=== Information provided ===
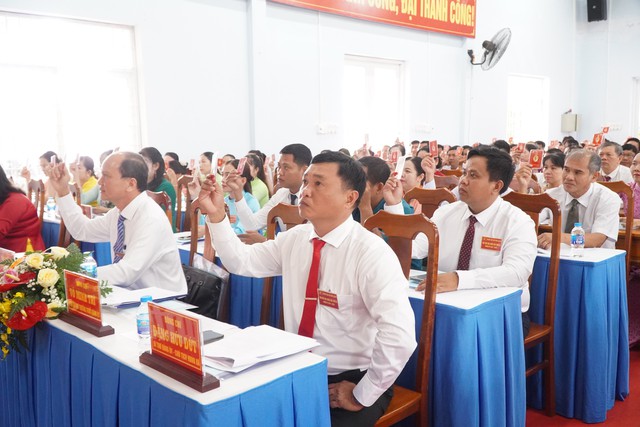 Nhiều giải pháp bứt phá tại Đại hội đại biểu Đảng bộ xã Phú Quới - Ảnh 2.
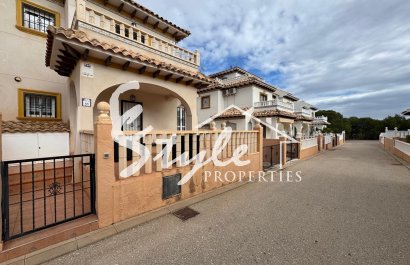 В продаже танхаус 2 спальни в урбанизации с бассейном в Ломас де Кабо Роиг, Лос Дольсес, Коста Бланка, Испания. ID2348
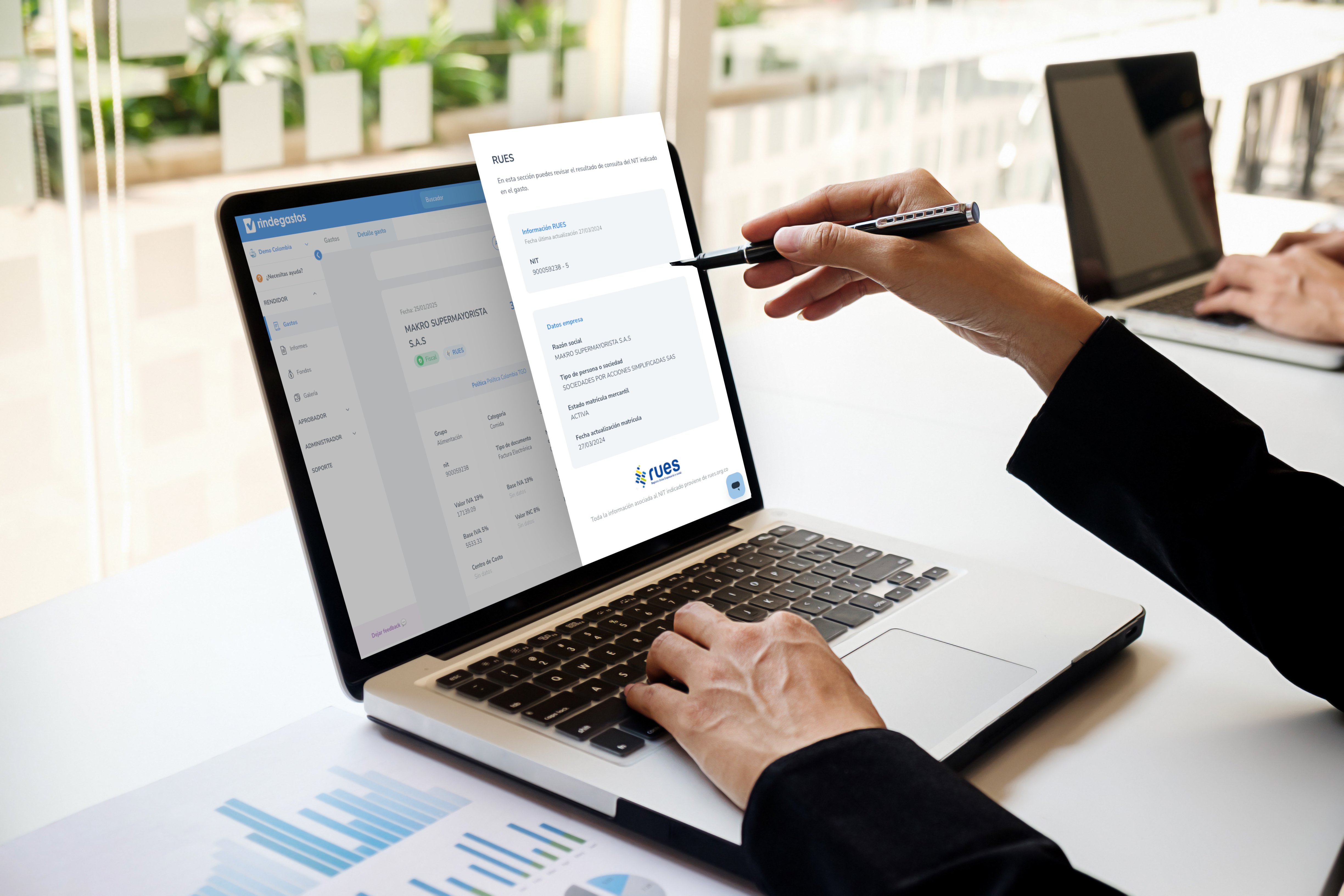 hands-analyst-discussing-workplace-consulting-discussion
===
The problem » Print the entire listing precisely as written, omitting the images it holds.

Output for this exercise »
 Nhiều giải pháp bứt phá tại Đại hội đại biểu Đảng bộ xã Phú Quới - Ảnh 2.
 В продаже танхаус 2 спальни в урбанизации с бассейном в Ломас де Кабо Роиг, Лос Дольсес, Коста Бланка, Испания. ID2348
 hands-analyst-discussing-workplace-consulting-discussion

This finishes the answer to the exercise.